Comment définiriez-vous les classes
moyennes ?
La
première définition est simple : les classes moyennes sont celles qui
relèvent d’un certain niveau d’imposition défini par les revenus. Dans cette
catégorie, on trouve aussi bien des professions intermédiaires, des employés et
même une partie des cadres. Ou bien on peut aussi définir les classes moyennes
par ce qu’elles ne sont pas : ni la frange la plus riche, ni la frange la
plus pauvre de la population…C’est un ensemble flou et finalement attrape-tout.
Or en tant que sociologue, je m’intéresse aux modes de vie, ce qui me semble
une façon plus intéressante « d’entrer » dans la question.
L’attachement aux loisirs et le niveau de diplômes rentrent en ligne de compte
et on devient de fait plus fin dans son analyse.
Quels seraient les marqueurs culturels liés
aux classes moyennes ?
Dans
« La préparation du roman », un très beau cours dispensé au Collège
de France, Roland Barthes dit cette phrase : « Ils laisseront la
culture aux classes moyennes ». La formulation peut apparaître
condescendante au premier abord mais il est important de s’arrêter dessus. Ce
sont justement dans les classes moyennes que nous allons trouver le plus
d’ « agitation culturelle ». C’est là où tout se passe, où la
création est repérée et repérable. Les classes moyennes sont consommatrices de
culture. Elles confirment les tendances et parfois les lancent.
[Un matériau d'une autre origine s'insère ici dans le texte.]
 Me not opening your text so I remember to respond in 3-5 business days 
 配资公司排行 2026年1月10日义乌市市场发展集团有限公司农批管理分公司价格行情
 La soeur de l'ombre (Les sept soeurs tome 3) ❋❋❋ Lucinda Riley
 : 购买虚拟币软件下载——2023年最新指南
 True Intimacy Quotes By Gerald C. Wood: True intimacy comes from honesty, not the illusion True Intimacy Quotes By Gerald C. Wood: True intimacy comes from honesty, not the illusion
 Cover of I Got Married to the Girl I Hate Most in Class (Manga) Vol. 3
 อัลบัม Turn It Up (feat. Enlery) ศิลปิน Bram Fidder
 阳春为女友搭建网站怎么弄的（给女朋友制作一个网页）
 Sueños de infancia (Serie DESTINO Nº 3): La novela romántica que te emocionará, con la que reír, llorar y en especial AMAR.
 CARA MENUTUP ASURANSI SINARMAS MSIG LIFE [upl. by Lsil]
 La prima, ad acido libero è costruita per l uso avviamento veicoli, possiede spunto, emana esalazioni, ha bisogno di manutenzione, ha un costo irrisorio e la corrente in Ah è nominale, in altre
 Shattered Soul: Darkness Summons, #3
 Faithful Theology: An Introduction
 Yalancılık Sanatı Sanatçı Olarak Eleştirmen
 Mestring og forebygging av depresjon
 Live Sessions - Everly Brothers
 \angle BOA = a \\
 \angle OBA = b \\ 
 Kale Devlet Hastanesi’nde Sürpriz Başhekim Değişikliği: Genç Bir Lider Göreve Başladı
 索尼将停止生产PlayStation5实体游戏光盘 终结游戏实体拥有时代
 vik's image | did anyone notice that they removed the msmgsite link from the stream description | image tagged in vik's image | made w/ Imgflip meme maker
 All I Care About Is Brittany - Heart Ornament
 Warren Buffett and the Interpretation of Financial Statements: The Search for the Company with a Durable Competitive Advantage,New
Contrairement
aux idées reçues, ses membres ne sont pas des suiveurs. Leur identité passe par des choix
culturels.
Vous parliez de Roland Barthes. Justement,
dans « Mythologies », il semble se moquer de certains référents
culturels qui parlent aux classes moyennes : l’acteur photographié chez
Harcourt, Minou Drouet...
Plus
que de la moquerie, je parlerais d’ironie. Il évoque la mythologie moderne de l’homme moderne, cet
accès aux choses auxquelles les classes moyennes aspirent et qui sont
transmises hors modèle scolaire. C’est la logique même de démocratisation.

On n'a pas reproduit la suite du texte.